Georgia agrees 'final proposal' in Russia WTO talks
Georgia said Thursday that it has accepted a "final proposal" from Swiss mediators aimed at overcoming one of the last barriers to Russia's WTO membership, which Moscow hopes to secure this year.
"The Swiss made a final proposal which is acceptable for Georgia. If Russia agrees, it will become a WTO member," Georgia's chief negotiator at the talks in Switzerland, Deputy Foreign Minister Sergi Kapanadze, told AFP.
"The mediators believe that this is really a final option," he said.
Russia -- whose prolonged bid for WTO entry has become one of the biggest headaches in its relations with the West -- said it would give its response in the coming week.
The dire relations between Russia and WTO member Georgia, with whom Moscow fought a brief war in 2008, have emerged as one of the most significant obstacles in the way of Russian entry to the global trade body.
"We need a few days to specify our position but we can give the response next week," the ITAR-TASS news agency quoted Russia's envoy to the talks Maxim Medvedkov as saying from Geneva.
"The date for negotiations has not been specified but likely they will take place next week," he added.
Tbilisi has been demanding international monitoring of cross-border trade in the Russian-backed breakaway regions of Abkhazia and South Ossetia, which were recognised as independent states by Moscow after the Georgia-Russia war in 2008 but are regarded by most of the world as parts of Georgian territory.
The proposed compromise deal would see a private company contracted by a third international party physically and electronically monitoring goods entering and leaving the breakaway regions, according to Georgian officials.
Ex-Soviet Georgia says it is in favour of Russian membership of the WTO but its conditions for agreeing to allow its powerful neighbour to join have threatened to derail Russia's efforts to finally become a member.
As a WTO member, Georgia has the right to veto any new entrant and Tbilisi has been keen to use one of its few levers of international influence amid its continuing disputes with Moscow, which it accuses of occupying Abkhazia and South Ossetia with thousands of troops since the war.

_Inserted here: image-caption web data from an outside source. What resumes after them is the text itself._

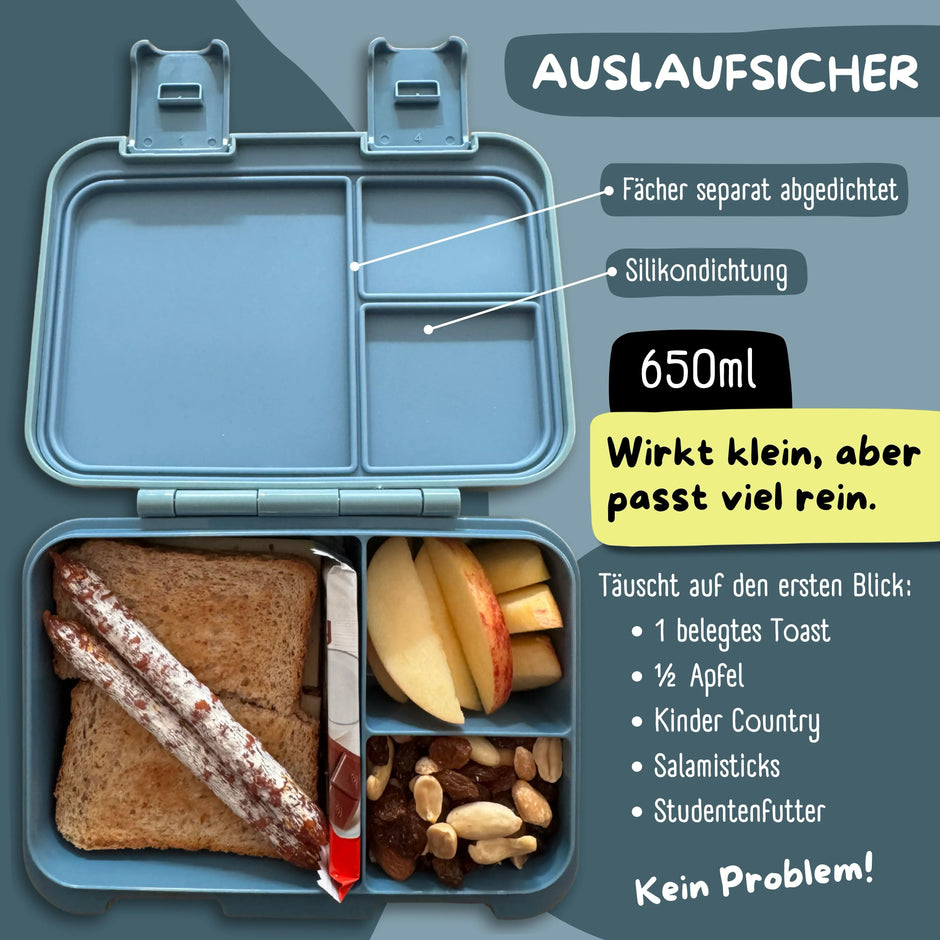 BEARFOOT Brotdose Traktor Blau 650 ml mit auslaufsicheren Fächern und Silikondichtung – BPA-freie Bento Brotdose für Kindergarten, Schule und unterwegs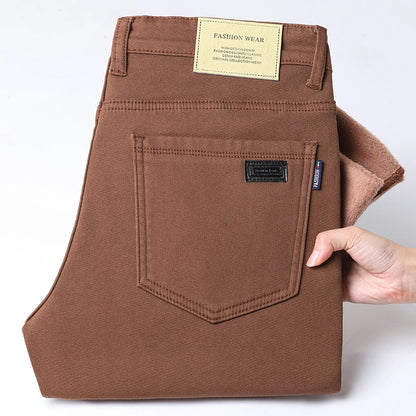 Autumn Winter Warm Men's Fleece Thickened Elastic Pants Business Straight Casual Cotton Pants High End Brand Man Plush Trousers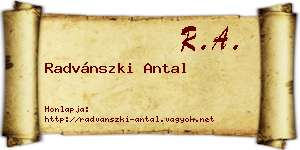 Radvánszki Antal névjegykártya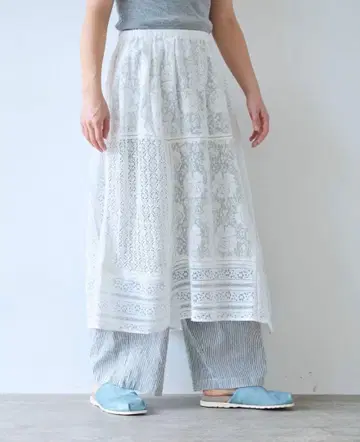 yuni india 패치워크 레이스 레이어드 스커트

Moscow has so far dismissed Tbilisi's conditions and has suggested that it could bypass any Georgian veto if a vote on Russian membership was held among WTO members.
Some media reports have suggested that Georgia's Western partners have been putting pressure on Tbilisi to enable Russia to join quickly but a senior Georgian official denied this.

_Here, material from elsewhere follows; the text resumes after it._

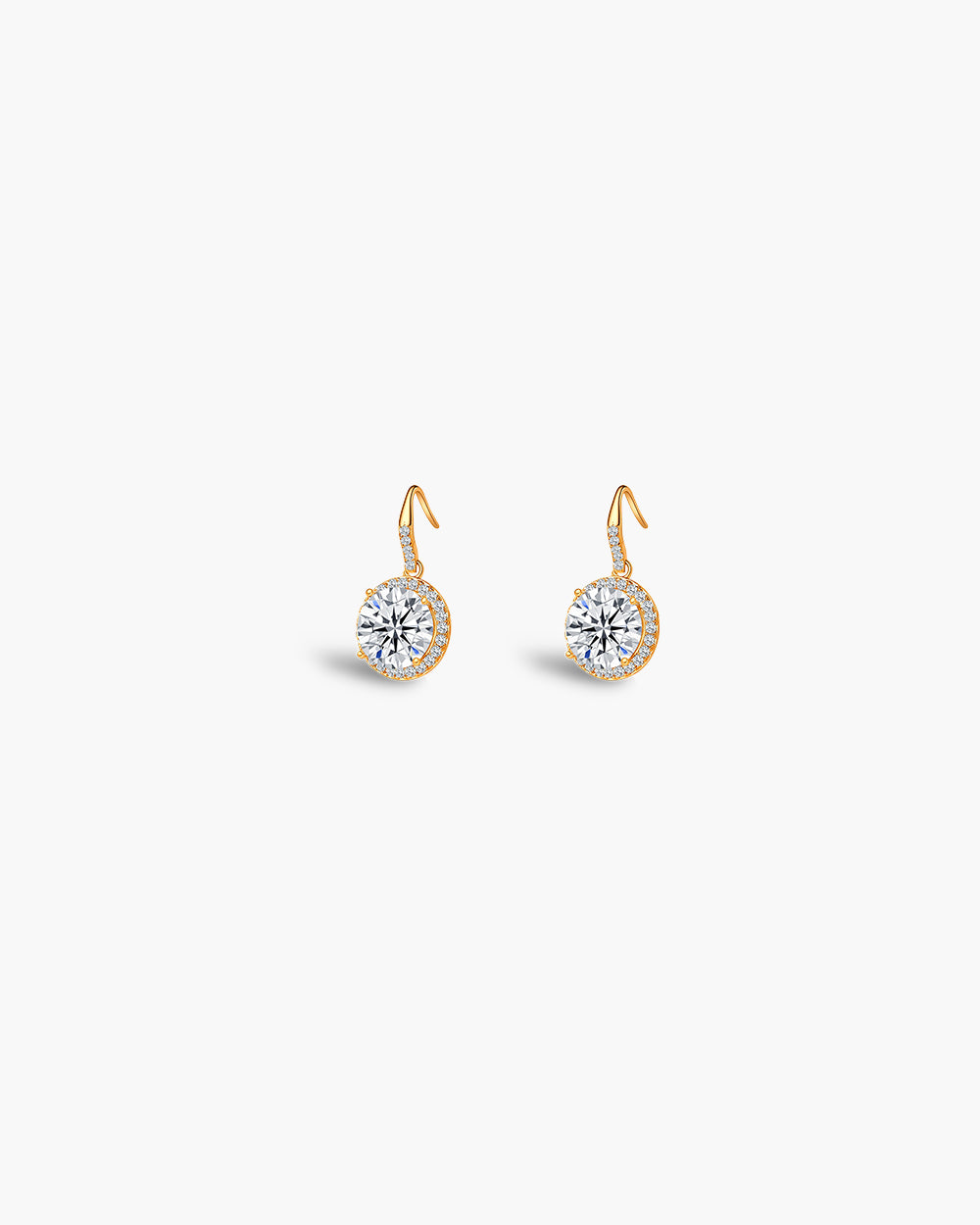 14K Gold Plated CZ Drop Earrings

"At no stage, no partner of Georgia -- either the US or the EU -- has pressured or suggested to us that the longstanding WTO rule of consensus will be broken and Georgia will be sidestepped through a vote," the head of Georgia's National Security Council Giga Bokeria told AFP.
Russian President Dmitry Medvedev has usually spoken of WTO entry as a key plank in his programme of modernising the economy but strongman Prime Minister Vladimir Putin has blown hot and cold on the issue.

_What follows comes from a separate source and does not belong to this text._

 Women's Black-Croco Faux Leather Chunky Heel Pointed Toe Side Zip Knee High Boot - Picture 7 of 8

Putin earlier this month accused the West of using Georgia's conditions as an excuse for keeping it out of the body and said Moscow would simply not join if "unacceptable" conditions were imposed.
"As to whether I think this (WTO membership) will benefit Russia or not ... fifty-fifty. But in all, it's more a plus than a minus," Putin said.
Russia, which opened negotiations to join in 1993, is the largest economy in the world to remain outside the WTO and has long expressed frustration with delays in its accession bid.